Koncert

min

Sam Lee & Friends

W cyklu: XXV Festiwal Ars Cameralis 2016

Ta muzyka jest niespokojna, ale w zupełnie świadomy sposób. Poszukuje wspólnych punktów i skrzyżowań między całą gamą tradycyjnych nawiązań i współczesnymi kontekstami. I, co najważniejsze, efekt to szczere, przekonujące i niezwykłe piosenki.

Sam Lee uwielbia muzykę tradycyjną, dlatego poświęcił jej życie: zbiera i odtwarza ludowe piosenki z terenów Wielkiej Brytanii i Irlandii. Najbardziej ciekawi go muzyka Romów i tak zwanych travellersów, koczowniczej grupy pochodzenia irlandzkiego. Jego pasja ma wymiar kompletny: Sam nie tylko bada i promuje muzykę tradycyjną (współtworzy organizację propagującą folk, The Nest Collective), ale również ją gra i jej uczy. Swoją pierwszą płytę, Ground of Its Own – która nagrodzona została prestiżową nagrodą Mercury Prize – nazwał efektem sześciu lat badań nad muzyką brytyjską. Mimo późnego debiutu już wówczas był znanym muzykiem, wyróżnionym m.in. przez BBC Radio 2 Folk Awards.

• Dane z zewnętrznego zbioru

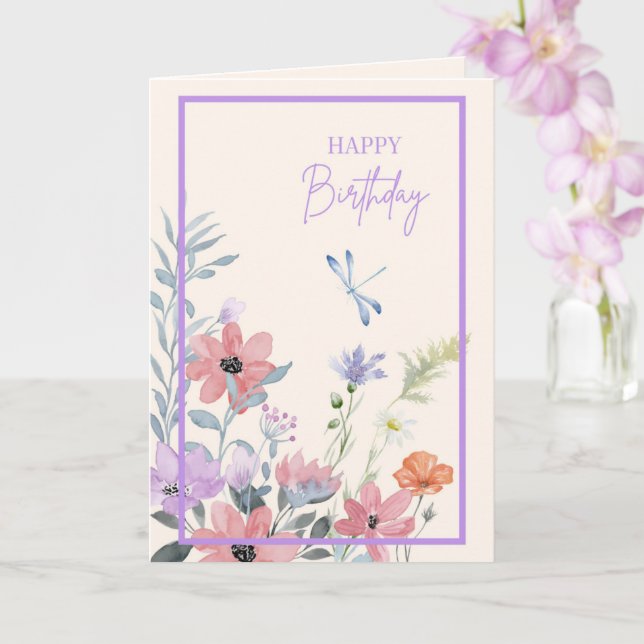 Tarjeta de cumpleaños Lilac Garden (Orquídea)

Zanim został wokalistą folkowym, był nauczycielem survivalu (którego uczył się u samego Raya Mearsa). Zdecydował się zmienić swój zawód, bo doszedł do wniosku, że dzikość nie istnieje w kraju, którego każdy skrawek został zawładnięty stopą człowieka. Prawdziwą dzikość – przyznaje w jednym z wywiadów – znalazł w muzyce tradycyjnej, muzyce dawnych koczowników.

Zespół Sama Lee to niebanalny zestaw instrumentów: Shruti box, drumla, wiolonczela, Koto, ukulele, skrzypce, tabla i bębny. Efekt bywa żywy i wręcz taneczny, a czasem refleksyjny i pełen zadumy, a dzięki głębokiemu, silnemu głosowi Sama (jego barwa przywodzi na myśl Nica Jonesa) – nad wyraz charakterystyczny.

Źródła: Musicomh, The Guardian.

Na parterze układ rzędowy z krzeseł.